I hope to never cry tears again for the children of my city who have been murdered before they have ever thought a cynical thought. Children who were having a giddy and thrilling night out enjoying life. Never forgotten. 

One thought on “One Love One Heart One Soul

  1. RCH

    Beautiful writing, Jaime.

    You have described perfectly how so many of us feel (including those of us who weren’t born here but who married into and were adopted by Manchester).

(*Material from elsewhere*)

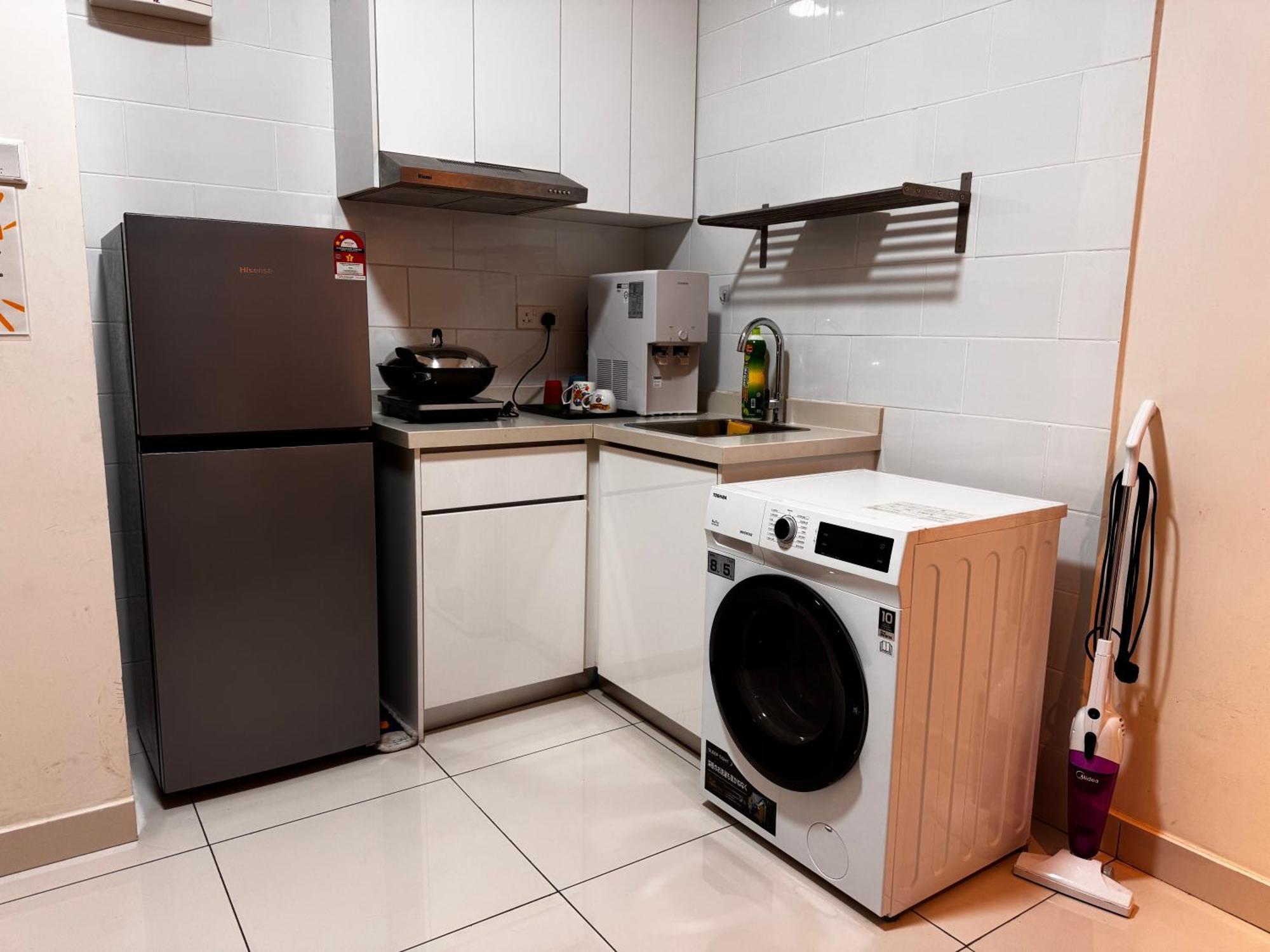 Arte Mont Kiara Mitec Publika Matrade 1r2b 4 Pax Appartement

    My 19 year old daughter (born at the hospital which is treating and caring for the child casualties of the attack) rang from college on Tuesday to say she felt that she was too far from home this week. But she wrote this, which was published in the student paper, and I thought you might like to read it:

    “Time and time again, my hometown of Manchester makes me proud. From its acceptance of subcultures and social groups to the sheer number of people who go out of their way to help those in need – homeless people, immigrants, victims of abuse or attacks in all forms – Manchester has always been somewhere that I have been proud to call home. Of course, it is not a perfect place, and has multitudinous problems that aren’t being properly dealt with, but I can genuinely say, with no sense of irony, that it is a city with heart and soul.
    This morning, my city made me prouder than I have ever been. Of course, ambulance workers, doctors, nurses and police officers did astounding work in responding to the attack as quickly and effectively as could be hoped in such a situation. Their hard work is a testament to the superb public services that we have in this country. But what truly got me, the thing that made me weep tears of pride this morning as I read news reports and Facebook posts, was the response of the general public, of Manchester’s people.
    It is too easy for terror to rip us apart and to make people turn inwards, away from those in need to protect those that they love, but the people of Manchester refused to do that. People were offering up their homes and cars, donating blood in droves, turning up at the site with blankets and flasks of tea and anything they could provide to help those that had been present at the time of the attack. Taxi companies were giving free lifts to anyone who needed them, hotels offering up rooms to anyone who couldn’t get home. Thousands upon thousands of people opened their hearts to those in need.
    Last night, the people of Manchester proved that we will not be broken by terror. Over the next few days and weeks, I have no doubt that this event will be turned into a political chess piece. Regardless of the intent behind the attack, it will be twisted into a knife with which people will attack religious and social groups and attempt to divide this country once again. But for anyone tempted to place blame or to use this event as an excuse to target different groups or individuals, look to the people of Manchester instead.
    The actions of an individual do not define the values of an entire social groups, but the actions of a city at a time of crisis can help us define what we want our nation to represent. This horrific attack, clearly targeted at our young people, will not be made right by turning on each other. Instead, let us support one another through the grief, respect all people who will have been affected by the event, but most of all, let us show the world a compassionate and united front, as Manchester did last night.’